I have felt very out of sorts lately. I have not felt like sharing my life or journey with anyone let alone strangers on my blog. I am gonna attempt it anyway because when I'm called to share I want to be obedient even when I don't "feel like it". I never said this was gonna be easy or that the entry's are good. They are just mine, my heart and my journey that I'm led to share in order that it may help another.
Last night while I was reading before bed, I realized something. Its gonna be kind of hard to explain and maybe awkward (whats new right?). So here it is If you have a child in heaven and you are a follower of Christ you have surely noticed this.....We are for the most part all alike....... not only do we have in common that we have children in Heaven, or that we are living through Christ in the midst of a horrible tragedy. We are alike in our thinking, speaking and feelings. I have read so many books on grief and the loss of a child that there is no way I can count them. I am very selective (learned the hard way) about what I read and who wrote it and who I take advice on healing from. The books I read I usually research first, I want to know the writer and his/ her beliefs before I allow my heart to soak up their experience and what they have learned. Reading can be very dangerous when you are searching for help anywhere you can find it. A broken heart and spirit is more vulnerable than any other. So guard your heart and be mindful of the person you are reading about or speaking to. Its easy to get confused or to start to believe things that are just not true of God when your hurt. All it takes is the wrong word at the opportune time.

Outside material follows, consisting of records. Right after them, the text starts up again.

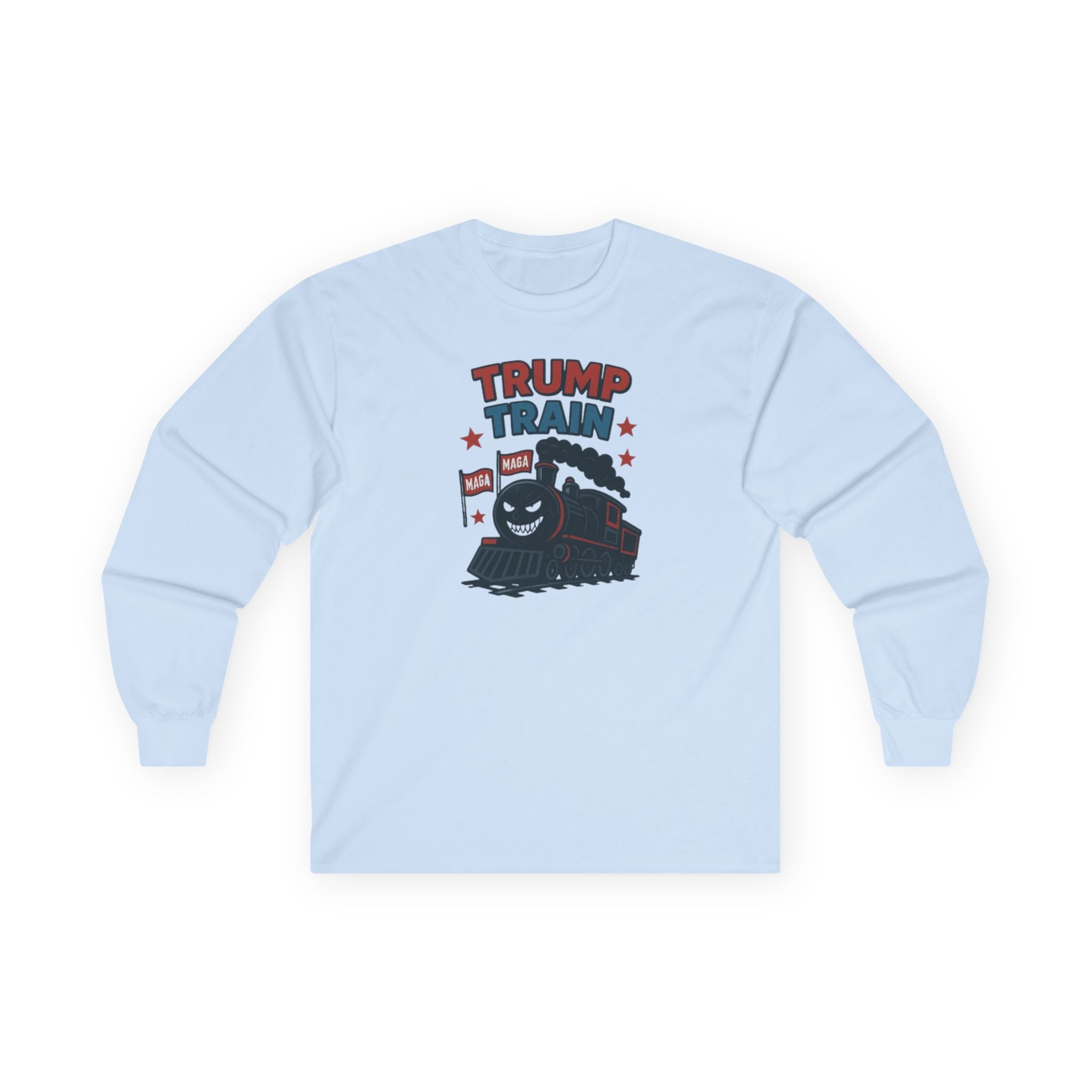 Unisex Ultra Cotton Long Sleeve Tee--"Trump Train"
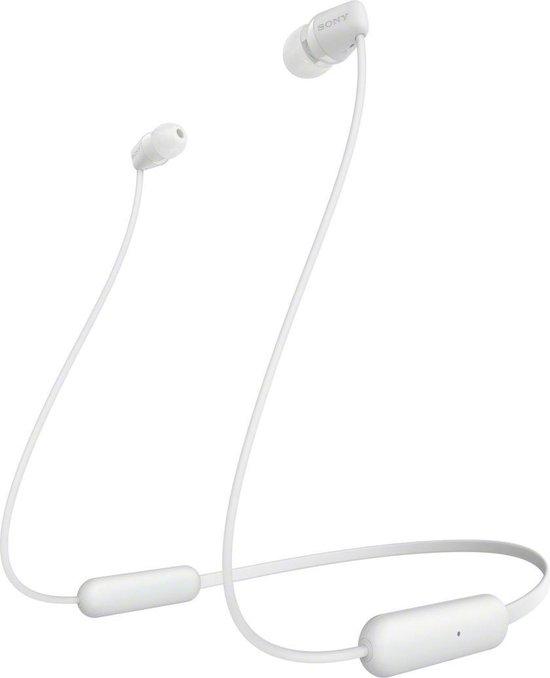 Sony WI-C200 - Draadloze Oortjes - Wit - Bluetooth (PS4) kopen - €19.99
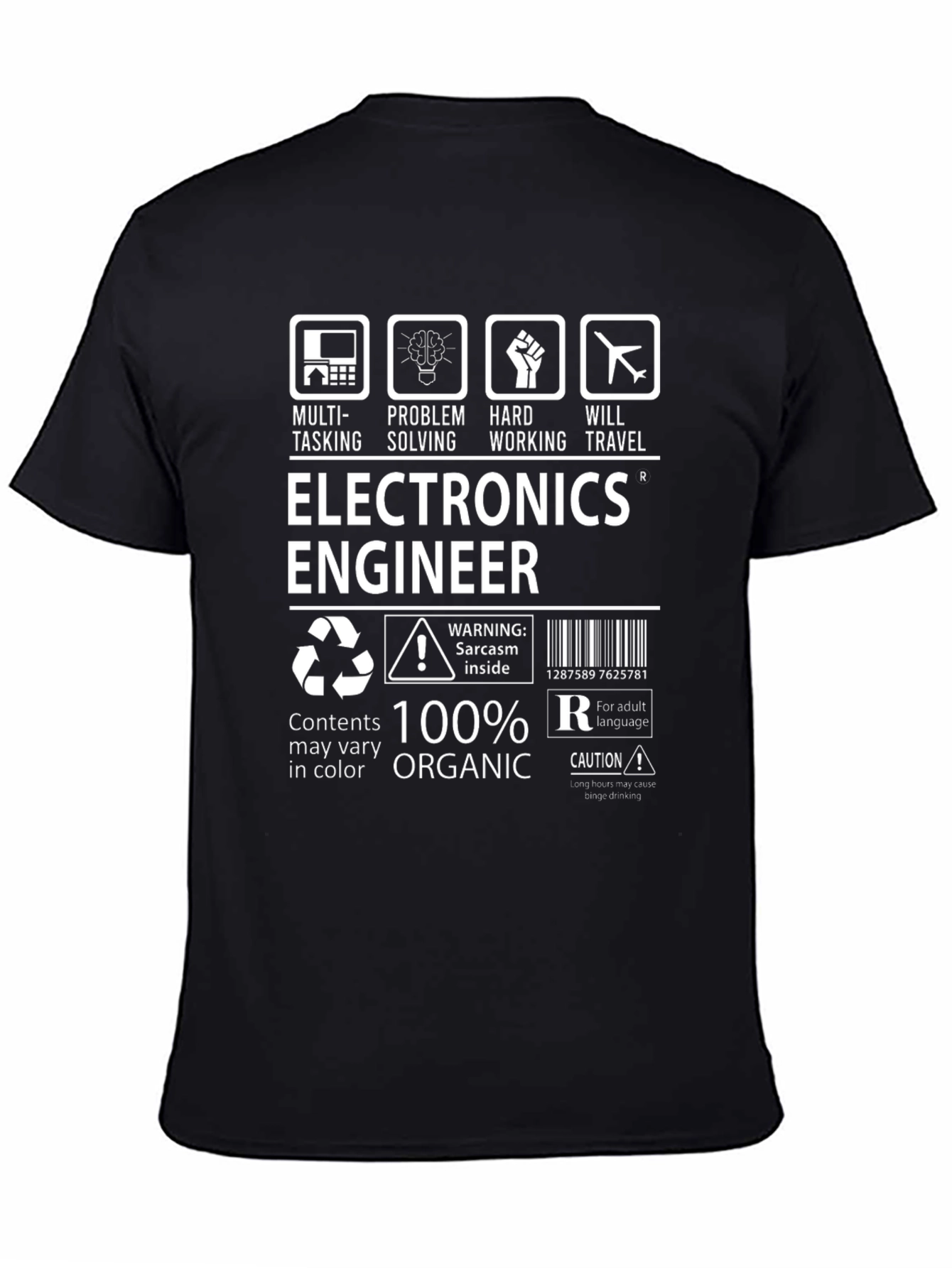 Electronics Engineer 100% Organic T-Shirt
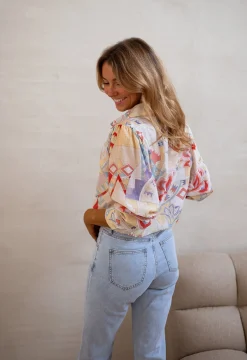 Online Chemise Soélie - Colorée - Motifs GéométriquesEasy Clothes Femme Chemisiers & Blouses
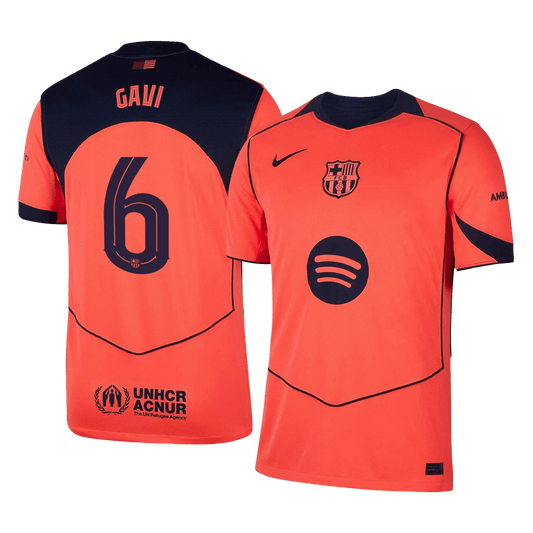 GAVI #6 Barcelona Third Away Fotballdrakt 2025/26 -UCL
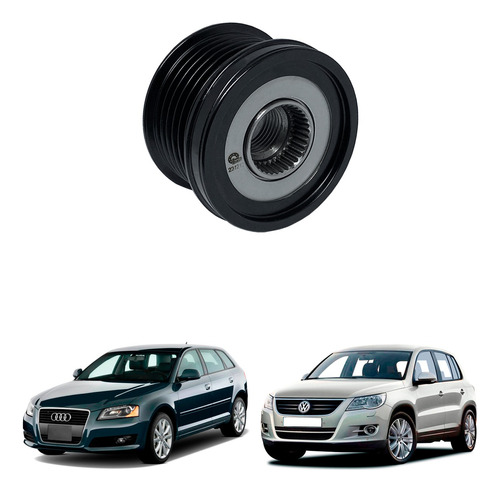 Polia Roda Livre Audi A1 A3 Vw Fox Golf Jetta Tiguan Up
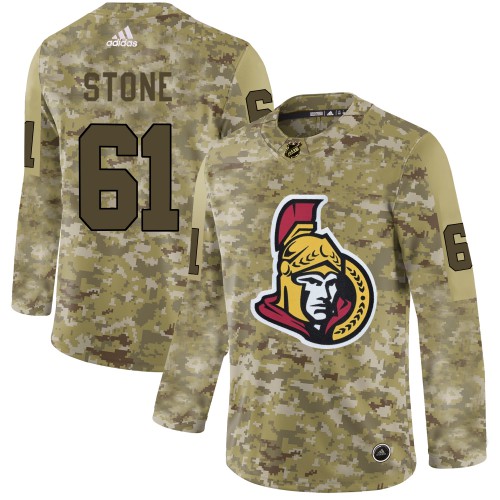 Adidas Ottawa Senators #61 Mark Stone Camo Authentic Stitched Jersey Men's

Proverbs 4:23 Above all else, guard your heart,
for everything you do flows from it
Okay, back to my original thought (shocking, I know). I am blown away at the likeness of us in this group of parents with children in Heaven, or really anyone who lost someone they loved more than life. If we were followers of Christ before our loss and chose to seek Jesus in our loss, then man we grew in faith with supernatural speed in our pits! I mean not only did we grow and mature in our faith, but our way of speaking and our very spirit's seem "alike". The longing to know everything we can about Heaven, the way we feel and SEE the sufferings of this world, the way we love with our whole hearts, the words we use to explain the pain of it all. I stand amazed at this realization, how can I just now notice how very much we are alike?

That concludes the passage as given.